This era of supply chain management studies was highlighted with the development of electronic data interchange (EDI) systems in the 1960s, and developed through the 1990s by the introduction of enterprise resource planning (ERP) systems. This era has continued to develop into the 21st century with the expansion of Internet-based collaborative systems. This era of supply chain evolution is characterized by both increasing value added and cost reductions through integration. A supply chain can be classified as a stage 1, 2 or 3 networks. In a stage 1– type supply chain, systems such as production, storage, distribution, and material control are not linked and are independent of each other. In a stage 2 supply chain, these are integrated under one plan and are ERP enabled. Enterprise resource planning (ERP) is business management software—usually a suite of integrated applications—that a company can use to store and manage data from every stage of business, including:

  • Product planning, cost and development
  • Manufacturing
  • Marketing and sales
  • Inventory management
  • Shipping and payment

ERP provides an integrated real-time view of core business processes, using common databases maintained by a database management system. ERP systems track business resources—cash, raw materials, production capacity—and the status of business commitments: orders, purchase orders, and payroll. The applications that make up the system share data across the various departments (manufacturing, purchasing, sales, accounting, etc.) that entered the data. ERP facilitates information flow between all business functions, and manages connections to outside stakeholders. Enterprise system software is a multi-billion dollar industry that produces components that support a variety of business functions. IT investments have become the largest category of capital expenditure in United States-based businesses over the past decade. Though early ERP systems focused on large enterprises, smaller enterprises increasingly use ERP systems. Organizations consider the ERP system a vital organizational tool because it integrates varied organizational systems and facilitates error-free transactions and production. However, ERP system development is different from traditional systems development. ERP systems run on a variety of computer hardware and network configurations, typically using a database as an information repository.

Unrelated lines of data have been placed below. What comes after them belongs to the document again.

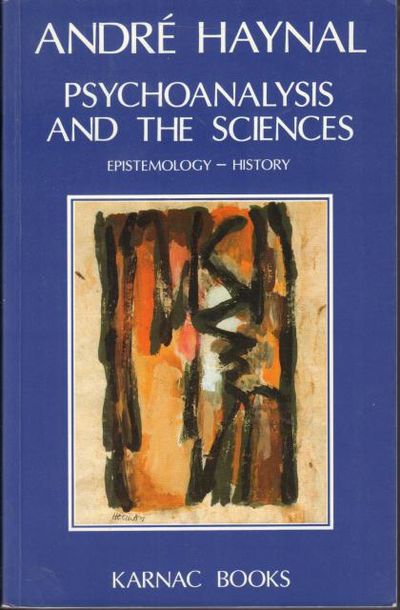 Psychoanalysis and the Sciences. Epistemology -…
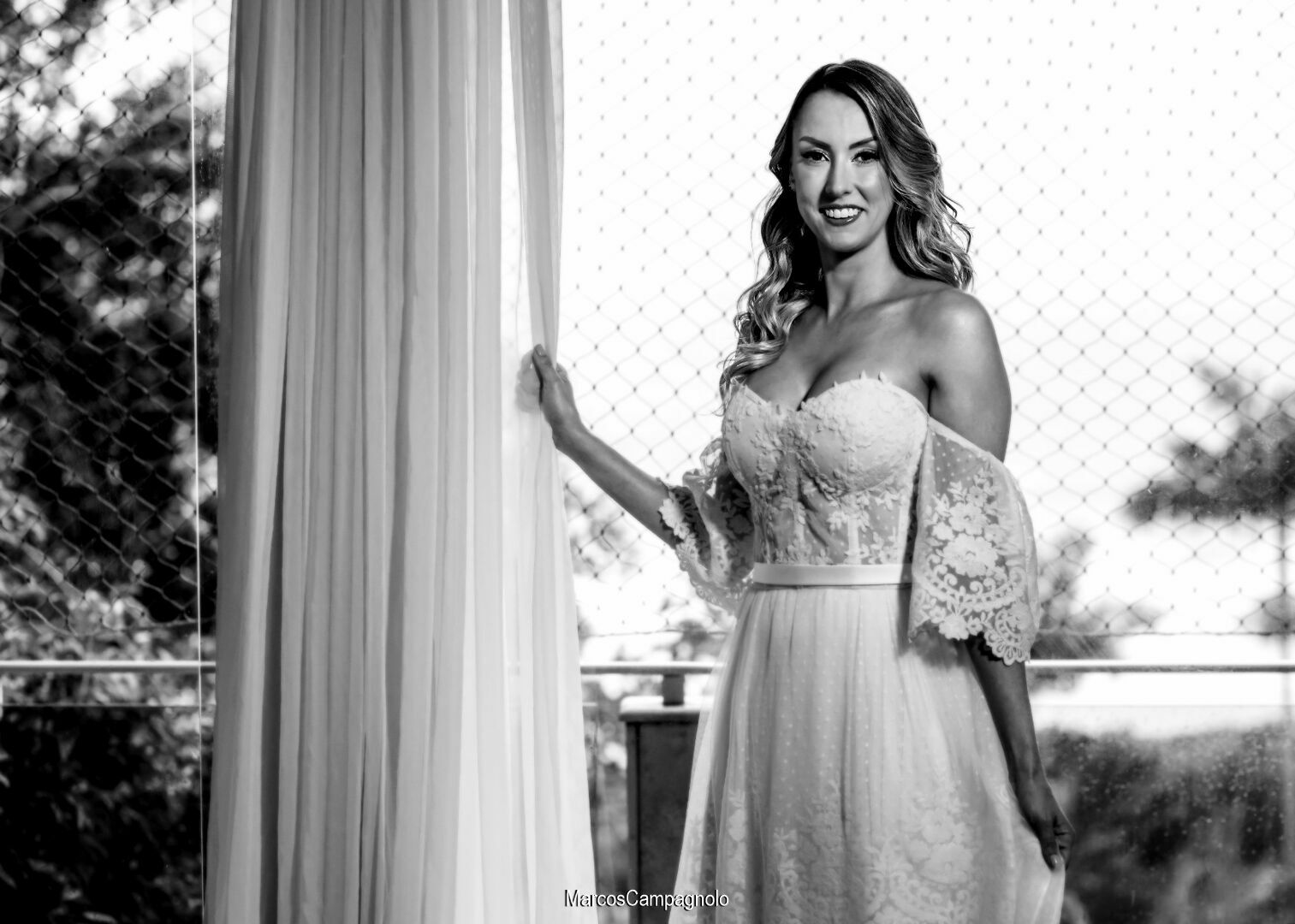 Foto Cas Izabelle e Felipe - Imagem 5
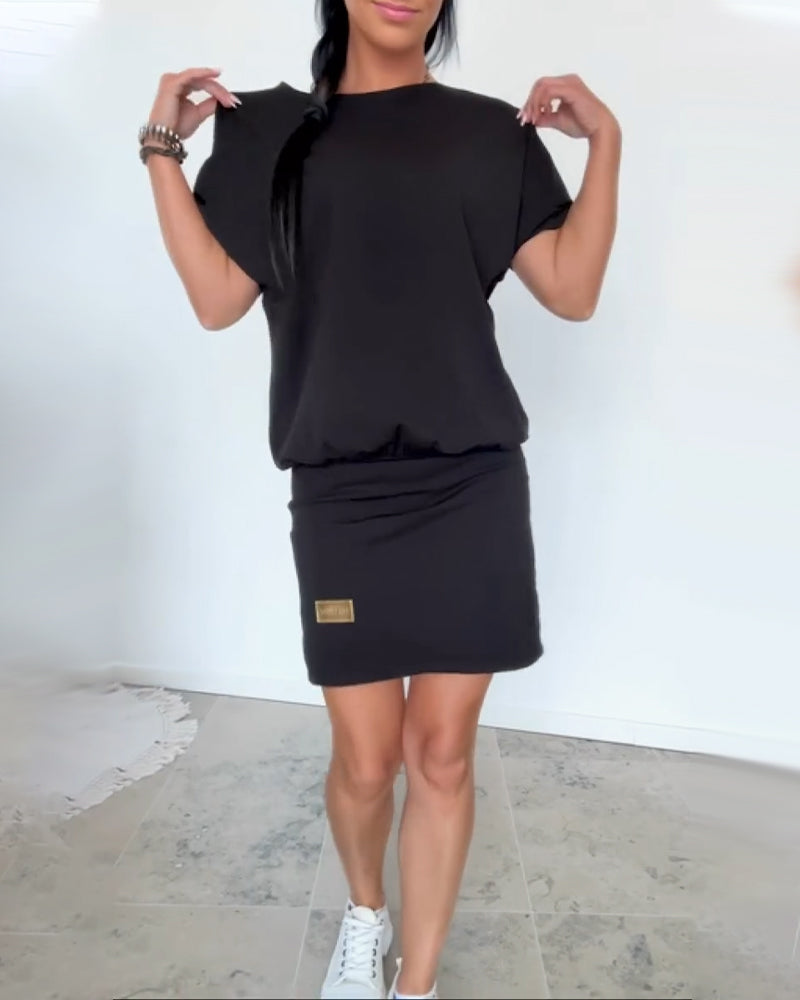 Inma | Vestido Para El Tiempo Libre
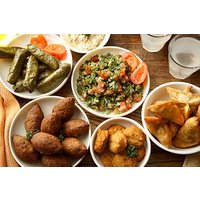 Save 10.00%! Downtown Cairo Half-Day Tour with Egyptian Dinner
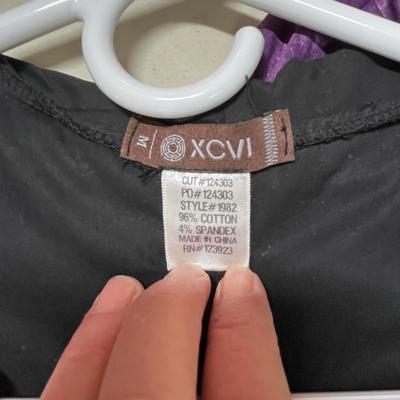 Ladies lot of Jackets 2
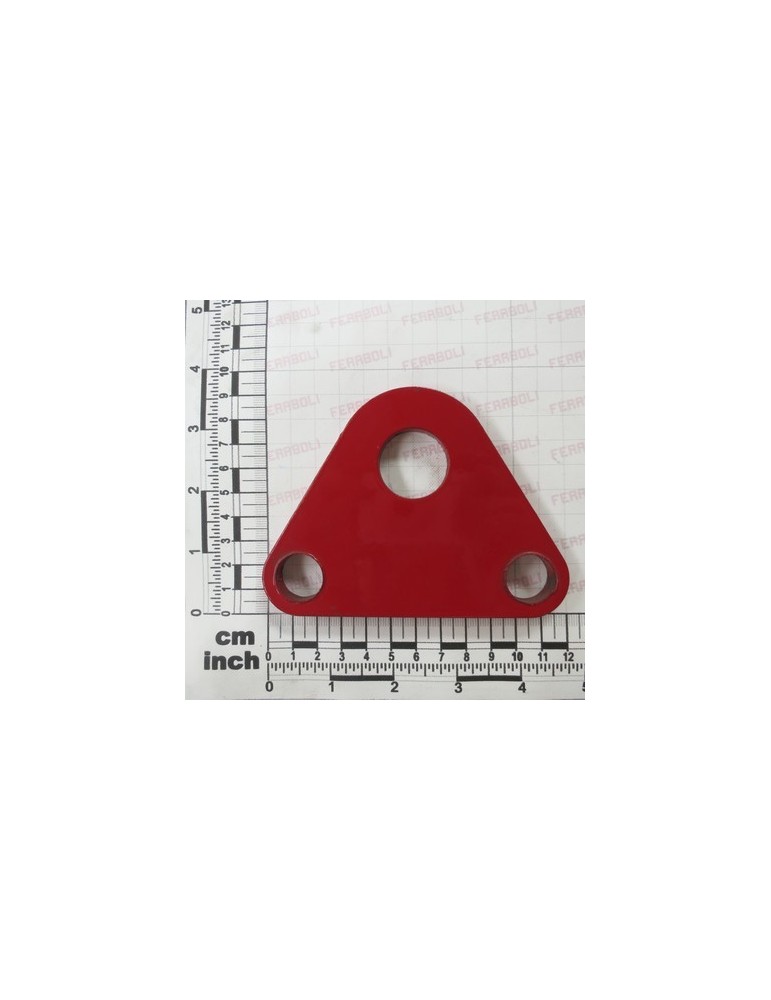 FULCRUM SIDE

A stage 3 supply chain is one that achieves vertical integration with upstream suppliers and downstream customers. Vertically integrated companies in a supply chain are united through a common owner. Usually each member of the supply chain produces a different product or (market-specific) service, and the products combine to satisfy a common need. It is contrasted with horizontal integration. Vertical integration has also described management styles that bring large portions of the supply chain not only under a common ownership, but also into one corporation (as in the 1920s when the Ford River Rouge Complex began making much of its own steel rather than buying it from suppliers).An example of this kind of supply chain is Tesco.

Globalization era

The third movement of supply chain management development, the globalization era, can be characterized by the attention given to global systems of supplier relationships and the expansion of supply chains over national boundaries and into other continents. Although the use of global sources in organizations’ supply chains can be traced back several decades (e.g., in the oil industry), it was not until the late 1980s that a considerable number of organizations started to integrate global sources into their core business. This era is characterized by the globalization of supply chain management in organizations with the goal of increasing their competitive advantage, adding value, and reducing costs through global sourcing.

Specialization era (phase I): outsourced manufacturing and distribution

In the 1990s, companies began to focus on “core competencies” and specialization. They abandoned vertical integration, sold off non-core operations, and outsourced those functions to other companies. This changed management requirements, by extending the supply chain beyond the company walls and distributing management across specialized supply chain partnerships. This transition also refocused the fundamental perspectives of each organization. Original equipment manufacturers (OEMs) became brand owners that required visibility deep into their supply base. They had to control the entire supply chain from above, instead of from within. Contract manufacturers had to manage bills of material with different part-numbering schemes from multiple OEMs and support customer requests for work-in-process visibility and vendor-managed inventory (VMI).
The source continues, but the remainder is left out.